Exodus tells us that Yahweh took pity on the misery of the Israelites and anointed Moses to lead them out of bondage. Predictably, hard-hearted Pharaoh refused to let them go, whereupon plague after plague beset him and the entire land of Egypt until he finally relented—only to renounce his decision and, in what is certainly one of the most ill-advised moves a leader has ever made, pursued the Israelites into the Red Sea.

From our contemporary perspective, some of the plagues recorded in Exodus come across as more annoying than frightening. It’s a drag to be ankle-deep in frogs or bedeviled by head-circling gnats, but it’s hardly what you’d call out FEMA for. Subsequent plagues—painful boils, destroyed crops, diseased herds—were much more serious. And then, in a terrible crescendo of suffering, there was the final plague, the death of the firstborn in every Egyptian household, a tragedy that mirrored Pharaoh’s slaying of male Israelite infants.

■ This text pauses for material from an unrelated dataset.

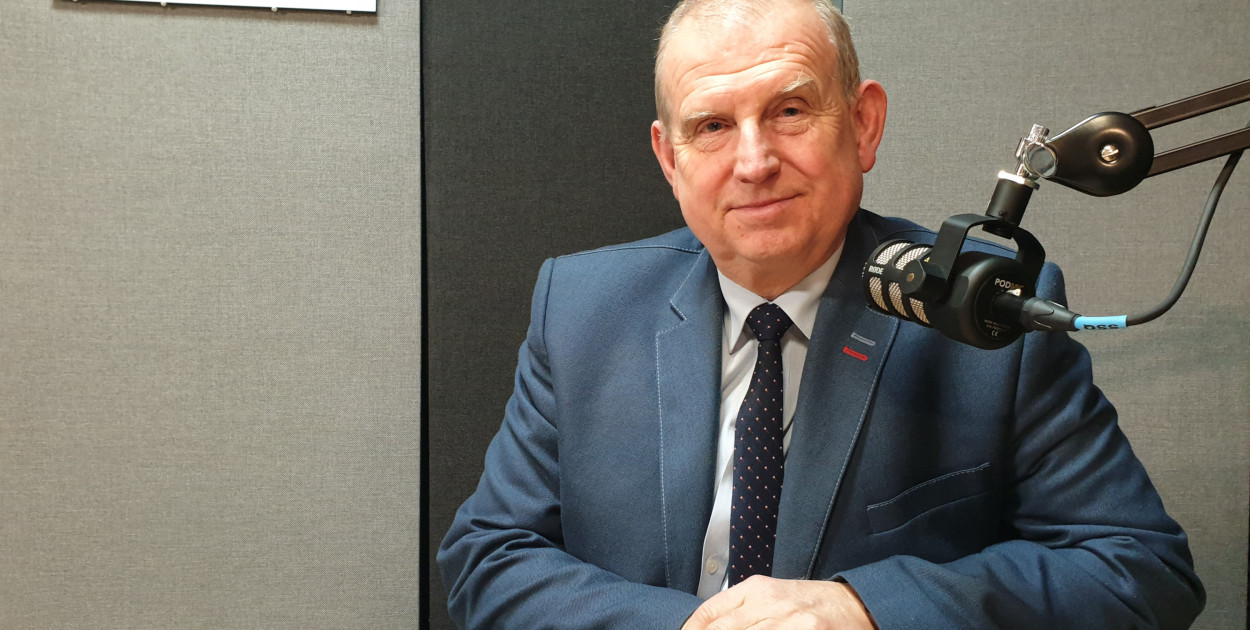Dr n. med. Jacek Nowak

Horrible as this final affliction was, it’s the ninth plague, the one immediately preceding the slaying of the firstborn, that haunts me. “Then the Lord said to Moses, ‘Stretch out your hand toward heaven that there may be darkness over the land of Egypt, a darkness to be felt.’ So Moses stretched out his hand toward heaven, and there was a thick darkness in all the land of Egypt.

Biblical commentators interested in finding natural causes for the Egyptian plagues are fond of saying that this one must’ve been a mighty sandstorm that blocked out the sun and was “felt” when it stung unprotected flesh. But to reduce the ninth plague to a mere sandstorm strikes me as an impoverished reading of it.

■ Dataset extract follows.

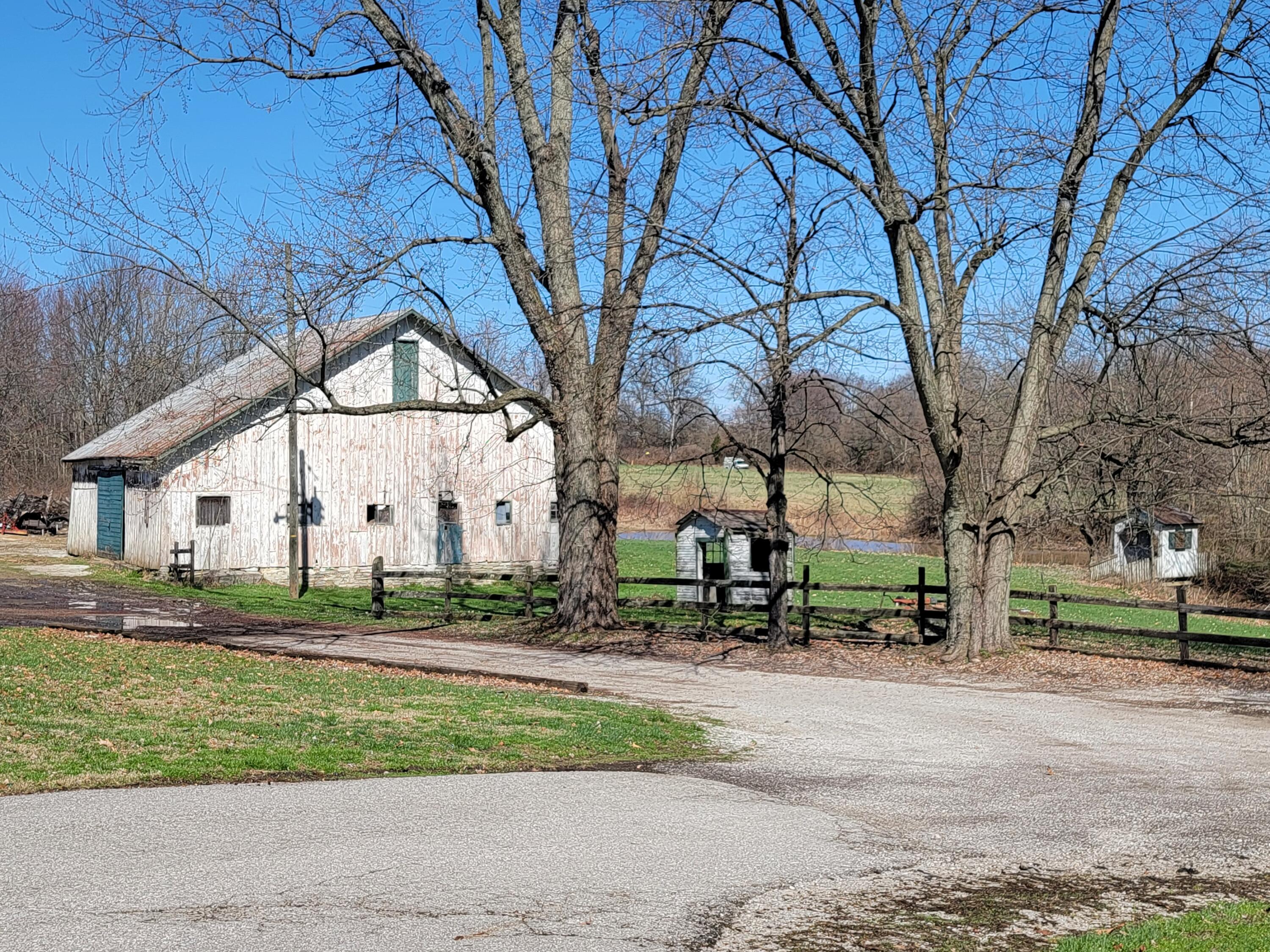 5695 Bullittsville Road Burlington, KY 41005 - Photo 39 of 50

More fundamentally, the darkness that befell Pharaoh and his nation was a darkness of moral failing and spiritual corruption, not of wind and sand.

This is where the story becomes especially relevant for us today.

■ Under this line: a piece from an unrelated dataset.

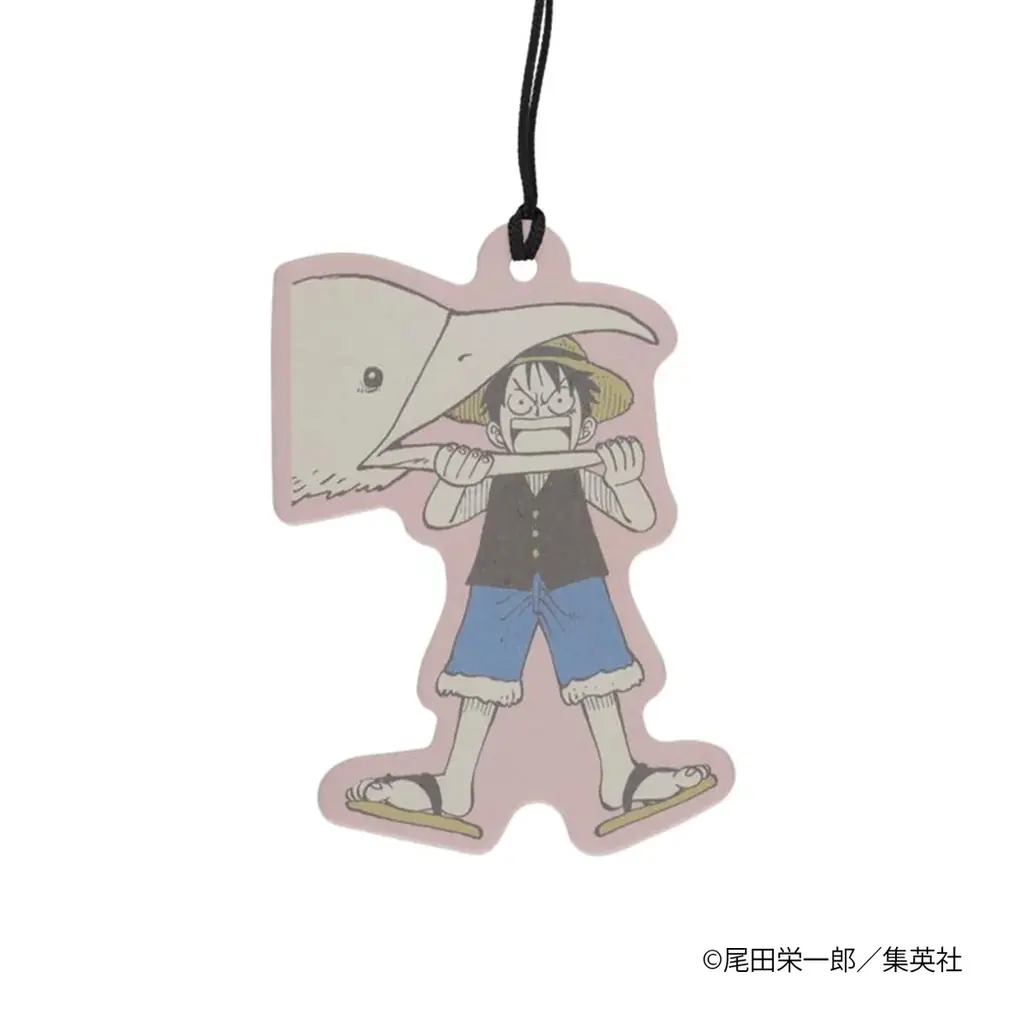 『RofJ BY JUMP SHOP』の長期開催が決定!2026年4月17日(金)より東京・MIYASHITA PARK、2026年4月24日(金)より大阪・心斎橋PARCOにて期間限定オープン! 画像 6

There are certain periods in human history when a moral darkness descends upon a land and its peoples, and its corrosive effects become palpable—a thick, cloying “darkness to be felt”—both personally and socially. These are the times in which we forget or, even worse, deliberately discard, common standards of decency that in better times we honored. We dim the light of reason and goodness, and stumble in the murk that spawns irrationality and cruelty.

Both the Hebrew and Christian scriptures are pretty clear about what those standards of decency are. They include hospitality to the stranger, compassion for society’s most vulnerable, avoidance of the pitfalls of greed, jealousy, anger, arrogance, and vituperation, an irenic spirit that seeks dialogue instead of conflict, brotherly and sisterly love, and respect for the God-implanted dignity of each and every human being.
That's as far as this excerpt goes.